“Lo condenarán a muerte” (Mt 20, 17-28). Jesús revela proféticamente su misterio de Muerte y
Resurrección a sus discípulos: “El Hijo del hombre será entregado, lo
condenarán a muerte, lo crucificarán y al tercer día resucitará”. Frente a este
anuncio de la Pasión, hay dos reacciones distintas entre los discípulos: por un
lado, la madre de los Zebedeos y sus hijos y, por otro, el resto de los
discípulos. Los primeros, se muestran dispuestos a compartir las penas y
amarguras de la Pasión de Jesús, con tal de alcanzar el Reino de los cielos;
los segundos, se enojan con los primeros porque piensan al modo humano y creen
que los hijos de Zebedeo están buscando ventajas de poder, como sucede entre
los seres humanos.
Las dos
reacciones, frente al anuncio de la Pasión, Muerte y Resurrección de Cristo,
representan las reacciones de todos los hombres hasta al fin de los tiempos,
cuando se les comunica el misterio pascual de Jesús: unos, como los hijos de
Zebedeo –Santiago y Juan- reaccionan sobrenaturalmente, es decir, comprenden
que la muerte de Jesús en la Cruz se trata de un misterio celestial y el único
camino para acceder al cielo; otros, como el resto de los discípulos, ven sólo
lo que sus estrechas razones humanas les permiten ver y es nada más que la
disputa por un poco de poder terreno.
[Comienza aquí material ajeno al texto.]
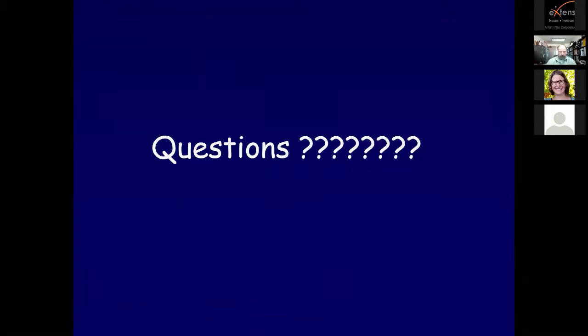We can pause and take a few questions here. Just a reminder to folks, there's a Q&A pod at the bottom of your screen. Chris, Steve, and I are all monitoring that. If anybody has questions, feel free to put them in there as they come up and we'll address them as we go. I'm not seeing any questions, so you could probably proceed as you wish.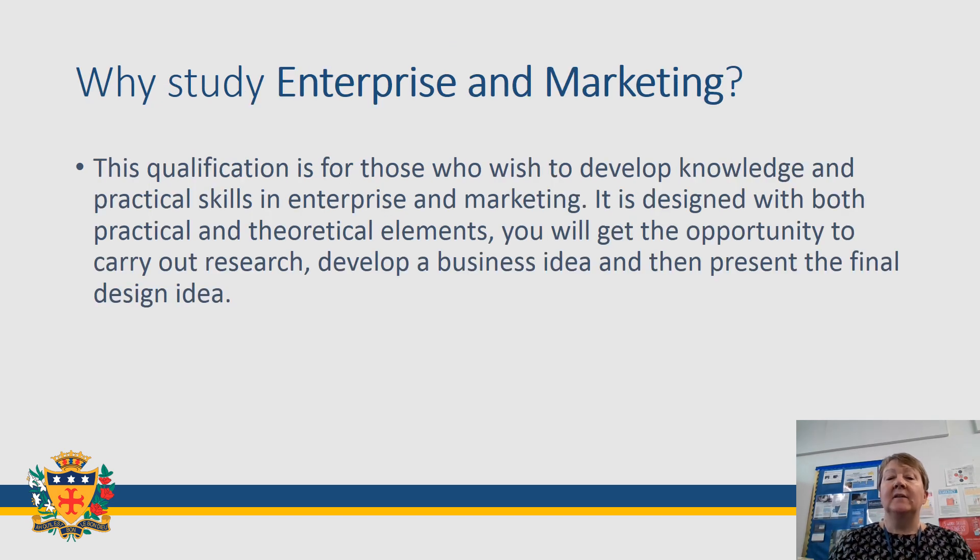So why would you study Enterprise and Marketing? Well, this course is designed to give you a knowledge and practical skills of Enterprise and Marketing. Enterprise is all about you starting up your own business, coming up with an idea, researching what your customers might want, and developing your idea based on those opinions.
En todo tiempo de la historia se han
producido estas dos clases de reacciones, la primera, la de la aceptación de la
Pasión y Muerte de Jesús como único camino para entrar en el Reino de Dios, ha
forjado y generado santos a lo largo de los siglos; la segunda, ha generado
cristianos racionalistas, incapaces de ver más allá del estrecho límite de
comprensión de sus razones humanas, lo cual los ha llevado a vivir no la
santidad, sino un cristianismo racionalista, privado de todo misterio
sobrenatural.
También
nosotros nos encontramos ante la misma disyuntiva y de nosotros depende que aceptemos
el misterio pascual de Cristo, de modo sobrenatural y así vivamos nuestra vida
terrena, de cara a la eternidad, o sino nos queda reaccionar de modo que
rebajemos el misterio de Cristo a lo que podemos comprender, quitando todo
vestigio de sobrenaturalidad a nuestra religión y viviendo un cristianismo
racionalista, que no es el cristianismo de Cristo.